Zerback 2009). Apparate wurden geschaffen, mit denen Menschen überwacht, ausspioniert und kontrolliert werden konnten. Die Stasi der DDR ist das wohl umfassende Beispiel für diese klassische „alte“ Form der Überwachung, die an Personen als Personen interessiert war (vgl. Giseke 2011). Zur Überwachung gehörten auch immer schon verschiedene Maßnahmen der Kriminalistik, um Personen an Merkmalen (wieder) zu erkennen, wie etwa die Geschichte des Fingerabdruckes oder der Verbrecherfotografie zeigt (vgl. Berchthold 2007, Kammerer 2008). Solche (Daten-) Sammlungen, in denen Merkmale, Ereignisse und Personen zusammengeführt werden konnten, sind für viele Überwachungspraktiken von entscheidender Bedeutung gewesen und heute der Kern der meisten Praxen, die als Überwachung beschrieben werden können. Die Möglichkeiten von Computern haben neue Formen der Überwachung geschaffen, die sich von den bisherigen darin unterscheiden, dass sie nicht länger an der Person als Person interessiert sind (vgl. u.a. Rule 1974, Marx 2002). Für solche neuen Formen der Überwachung sind die Zusammenhänge, in denen Daten abgegeben oder gesammelt werden, viel interessanter als die eigentliche Person, da generell eher die Gesellschaft als solche anhand der Daten, Filter und Kategorien unter Beobachtung steht. Eine solche Überwachung konzentriert sich auf die Merkmale und mögliche Zusammenhänge und sucht die Personen, die es zu überwachen gilt, erst aufgrund der jeweils passenden Daten heraus (vgl. Marx 2002). Das bedeutet aber, dass potentiell alle möglichen Daten von möglichst vielen Menschen gesammelt werden müssen – denn es ist ja völlig unbekannt wer wo überwacht werden soll und vor allem, ob ein Anlass zu direkter Überwachung besteht. Um eine effektive Kontrolle oder Überprüfungs-möglichkeit zu schaffen, bedarf es möglichst vieler verschiedener Daten und Merkmale, die zusammengeführt werden können – Big Data eben, um in die Zukunft zu schauen (vgl. Zurawski 2014). Diese Daten können aus persönlichen Daten stammen, aus biometrischen Merkmalen (Fingerabdruck oder DNA-Profile), Einträgen bei der Schufa, Einkäufen, die Art der Auslandsbesuche usw.. Überwachung bedeutet unter diesen Bedingungen eine ständige Risikoabschätzung und eine möglichst voraus-schauende Kontrolle, um bereits im Vorwege maschinengesteuert eine Überprüfung

durchzuführen und Kontrolle auszuüben.

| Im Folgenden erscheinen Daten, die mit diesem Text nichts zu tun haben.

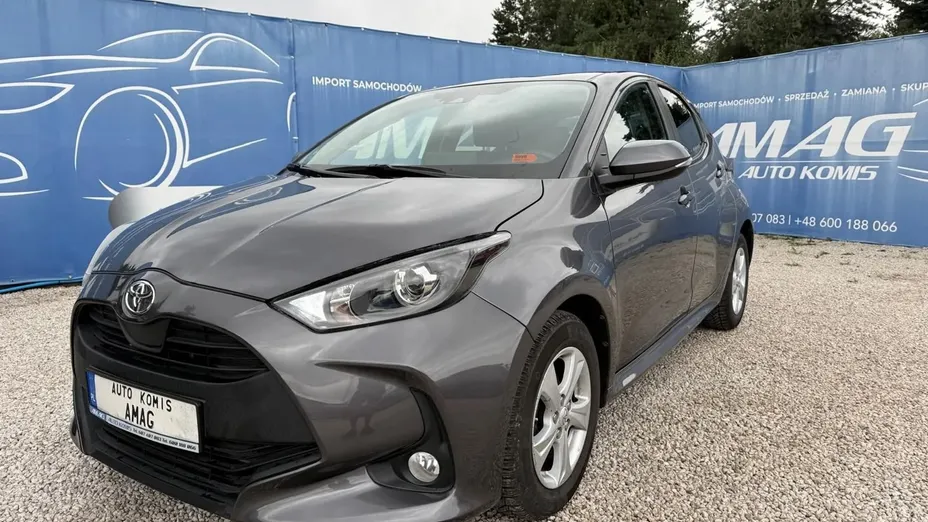 TOYOTA Yaris -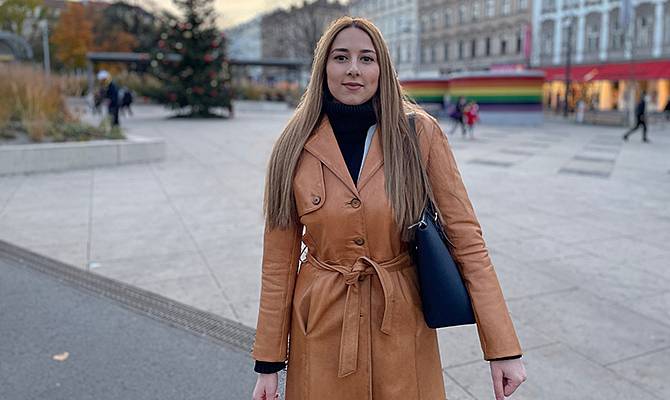 Frau Nina Matakovic steht auf dem Raumannplatz.
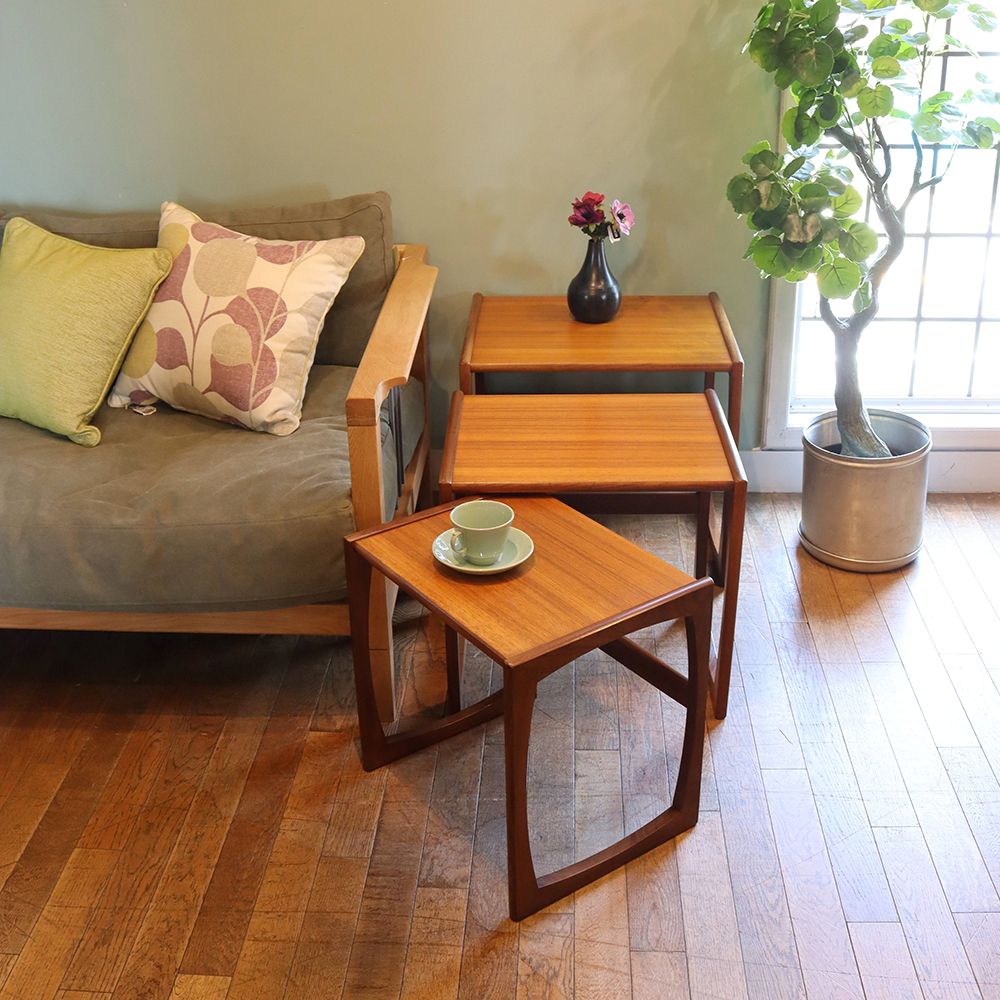 カッコいいQuadrilleシリーズ♪ ネストテーブルG-PLAN VC106-106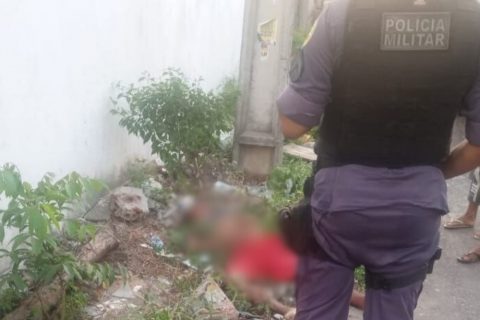 Corpo de homem assassinado a pedradas é encontrado no bairro Jorge Teixeira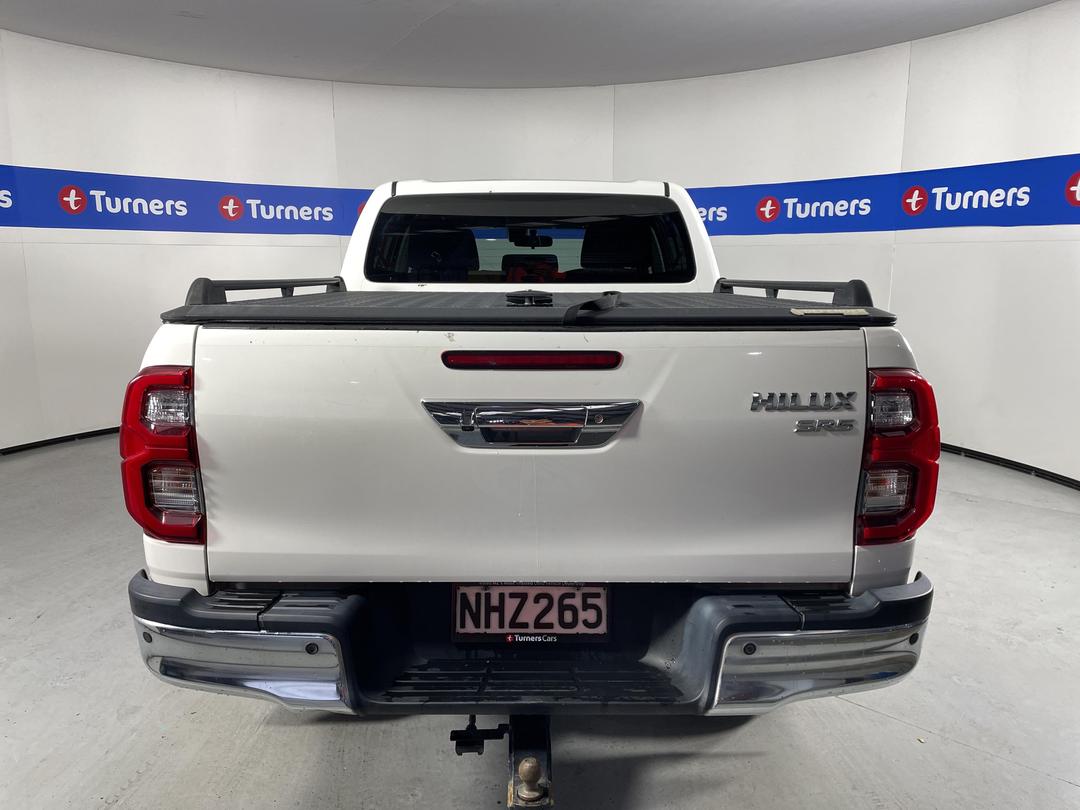 Photo '6' of Toyota Hilux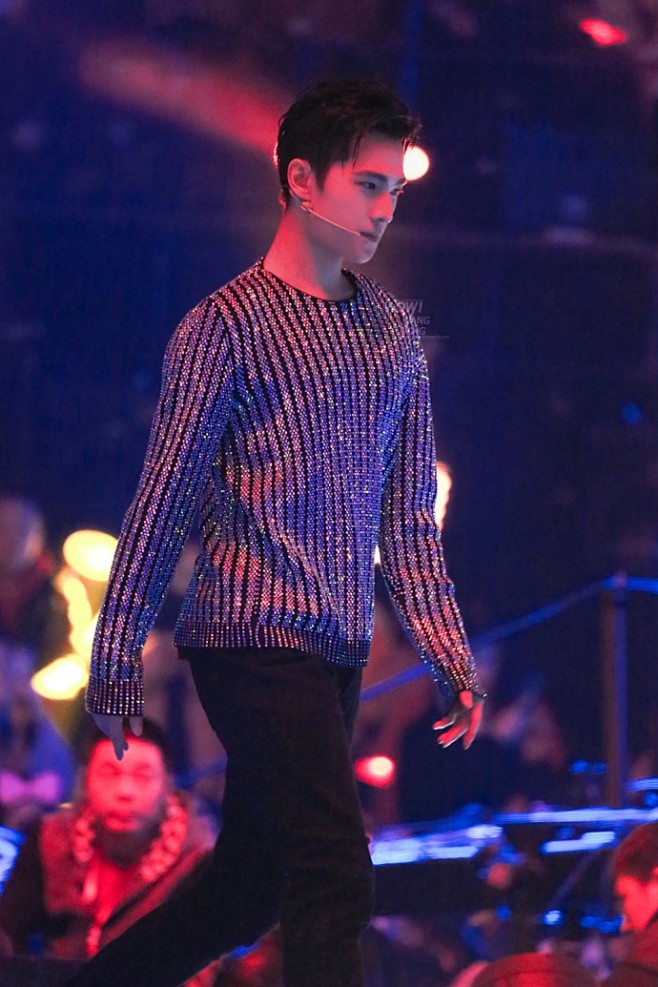 杨洋171231湖南卫视跨年演唱会part1你最闪耀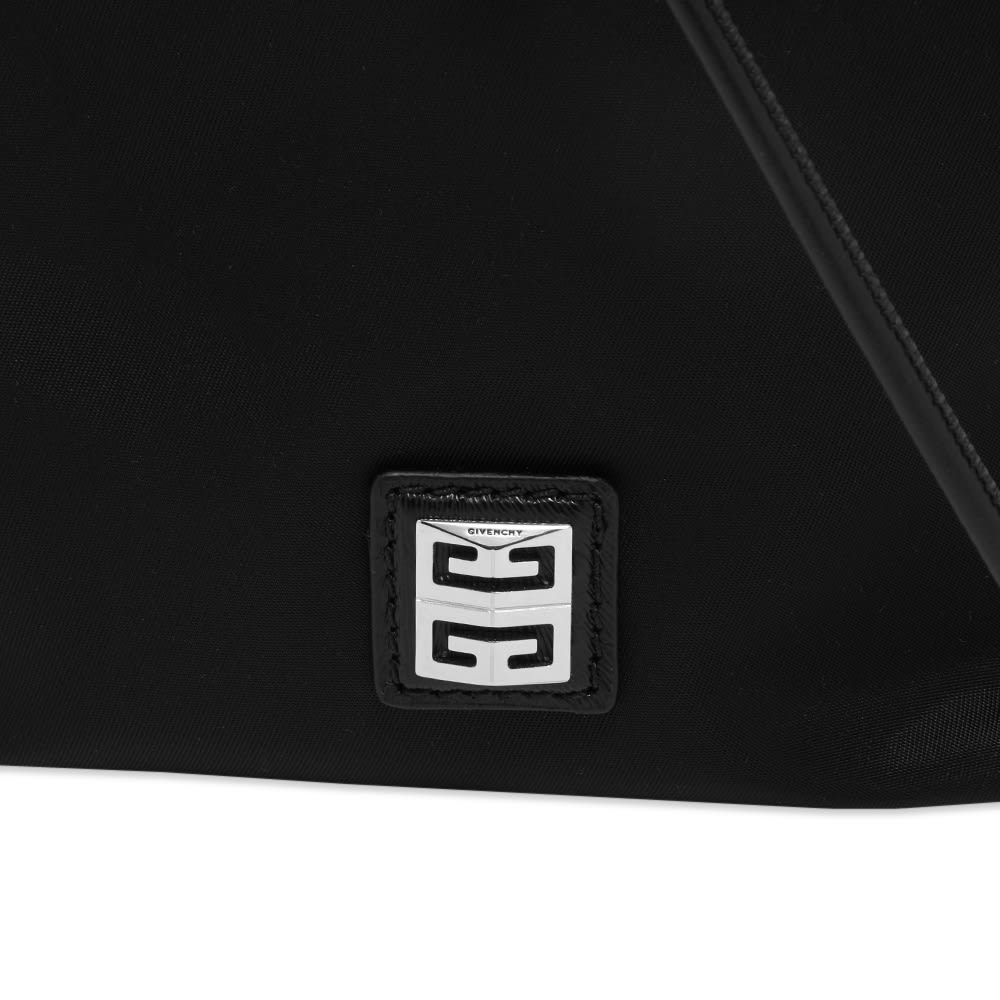 Givenchy Logo-plaque Messenger Bag In Black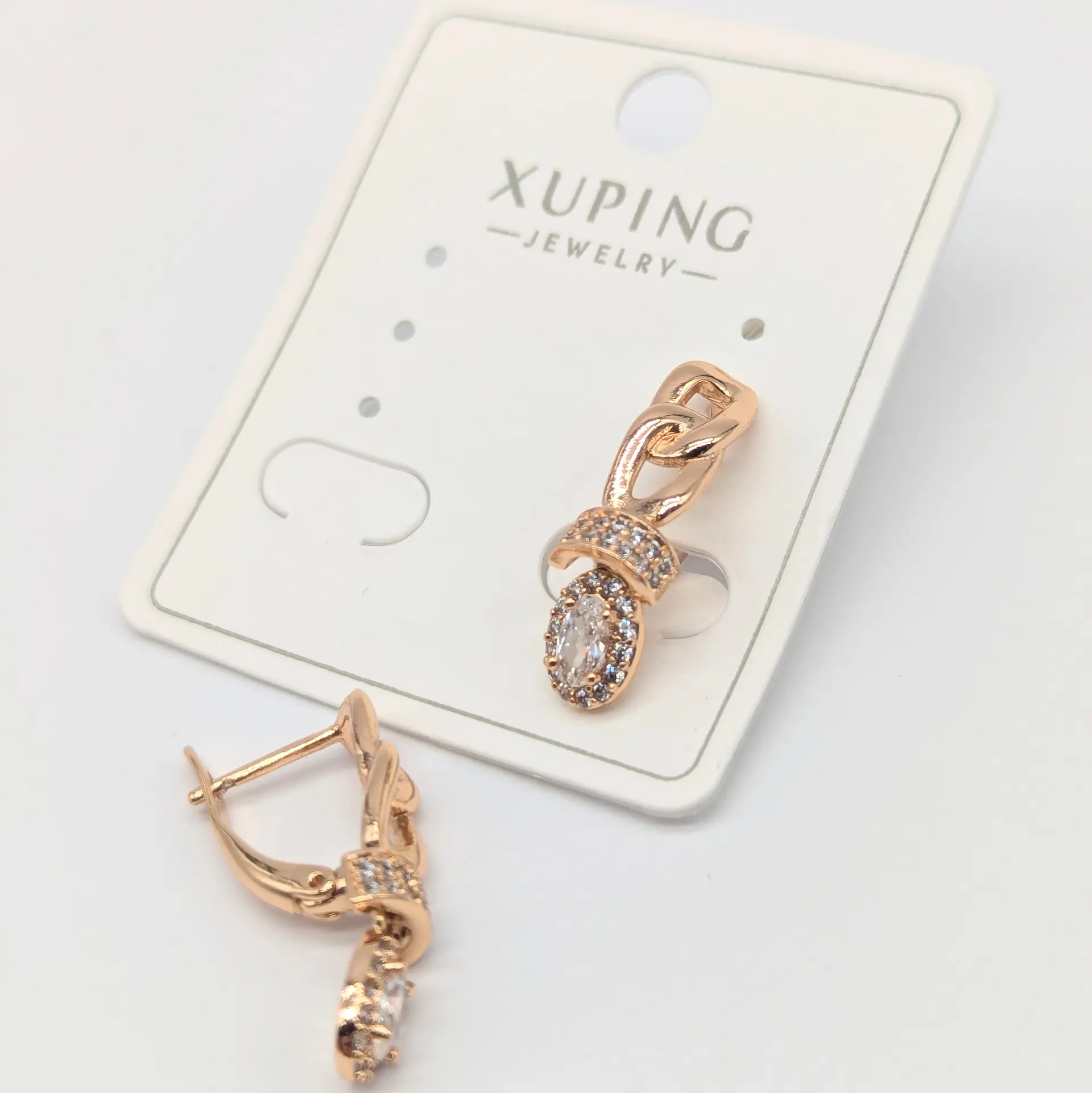 Сережки Xuping 18к «Золоте Переплетіння», 0.7*2.3 см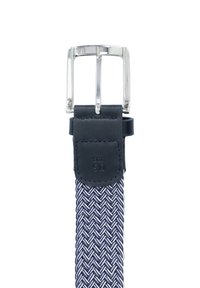 Granatowy pleciony pasek z teksturowanym wzorem, z metalową klamrą w kolorze srebrnym i czarnymi skórzanymi akcentami. Rozmiar oznaczony jako 90.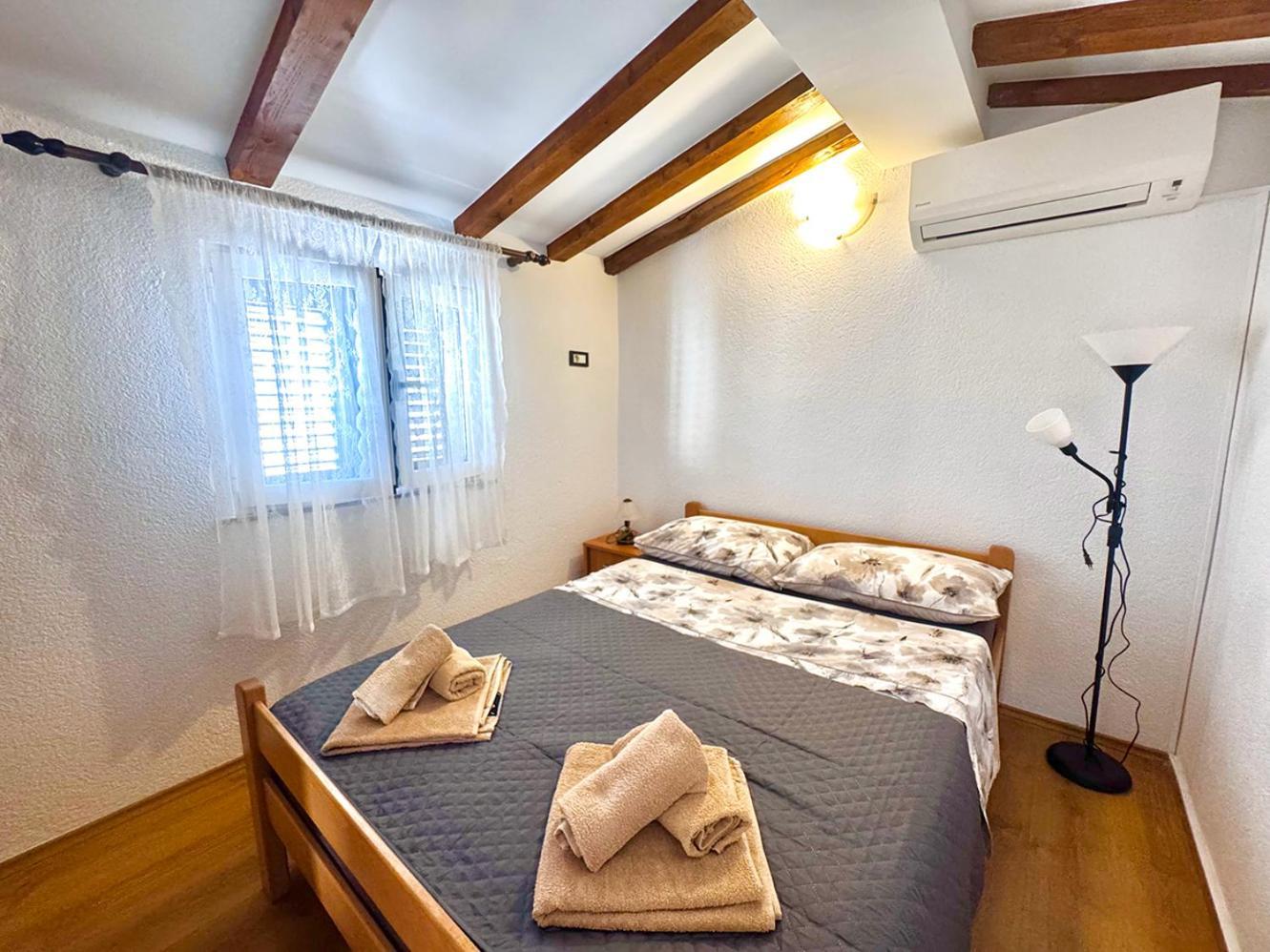 Apartments Ares Ровинь Экстерьер фото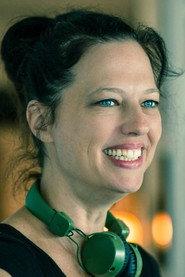 Sophie Lambert as Narrator in Des nuances de sexe et de gris 2017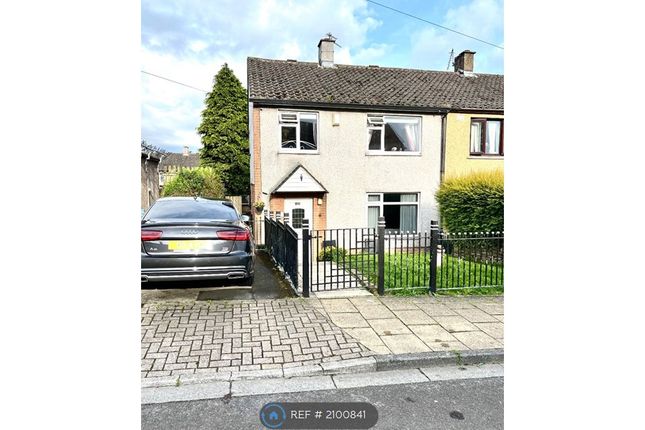 Thumbnail Semi-detached house to rent in Camberley Mount, Bradford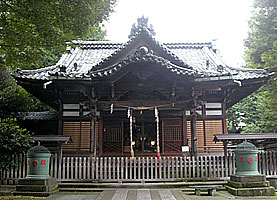 瀧野川八幡神社拝殿正面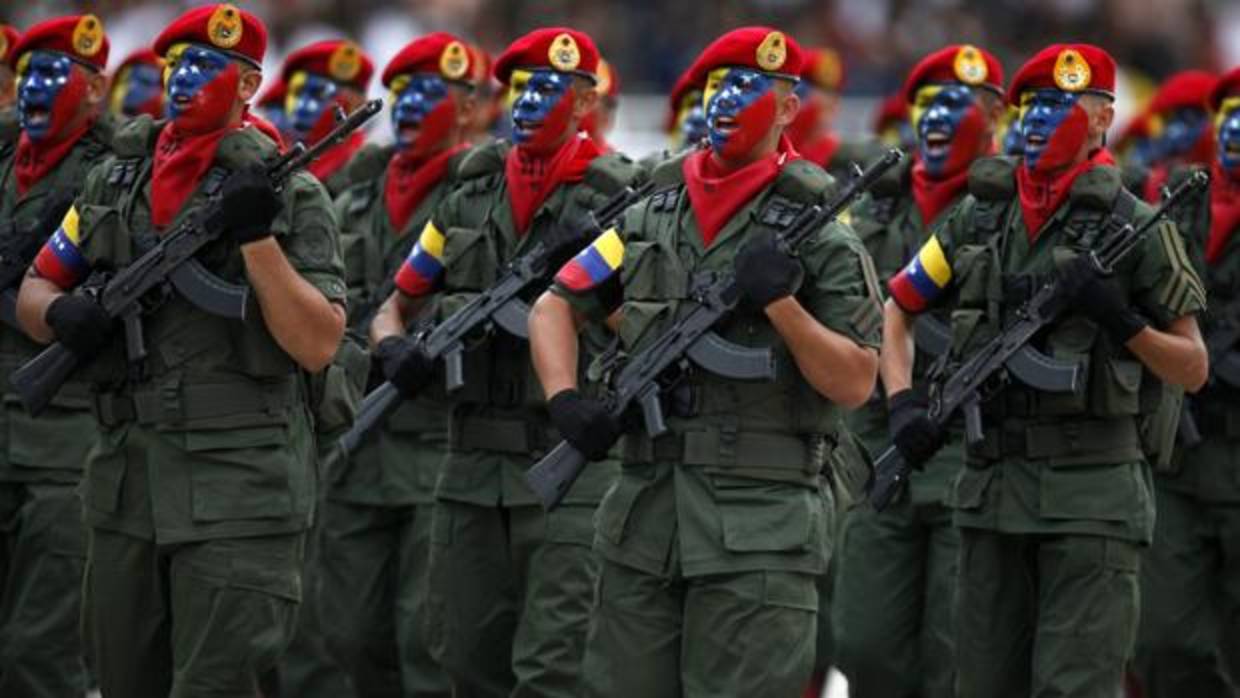 Militares venezolanos participan en un desfile militar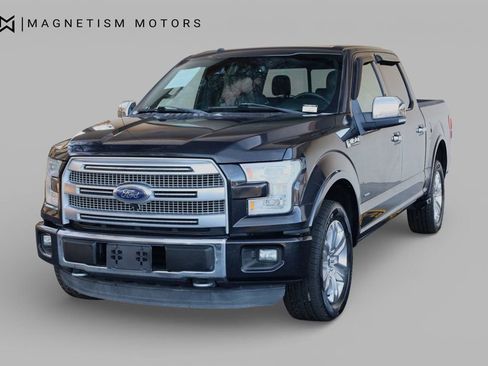 Used 2015 Ford F150 Platinum w/ Equipment Group 701A Luxury image 6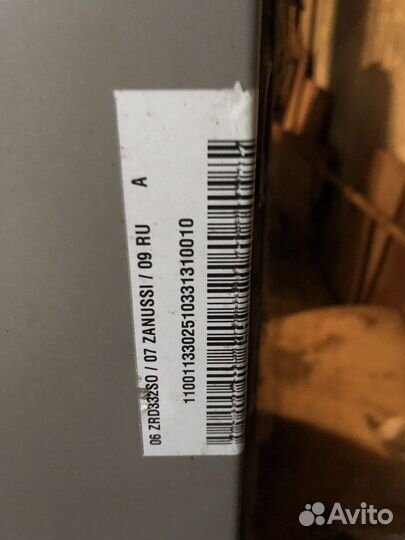 Холодильник zanussi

Überwachung als Idealtypus bedeutet die Kontrolle möglicher Abweichungen von einer durch Daten und Kategorien erzeugten Norm. Das Bewusstsein davon kann in der Gesellschaft zu Konformität führen, die sich durch eine soziale Kontrolle so nicht ergeben würde, da jene wesentliche wandelbarer und durch die Gegenseitigkeit auch offener und flexibler gestaltbar wäre. Big Data ist vor allem vor dem Hintergrund einer Moderne, die von Flexibilisierung und der Rekombination der Wirklichkeit (vgl. Gugerli 2009, 13, 89f.) gekennzeichnet ist, für die Analyse von Überwachung zentral, wenn es nicht die Masse an Daten selbst ist, die diese Rekombinationsmöglichkeiten erst selbst geschaffen hat.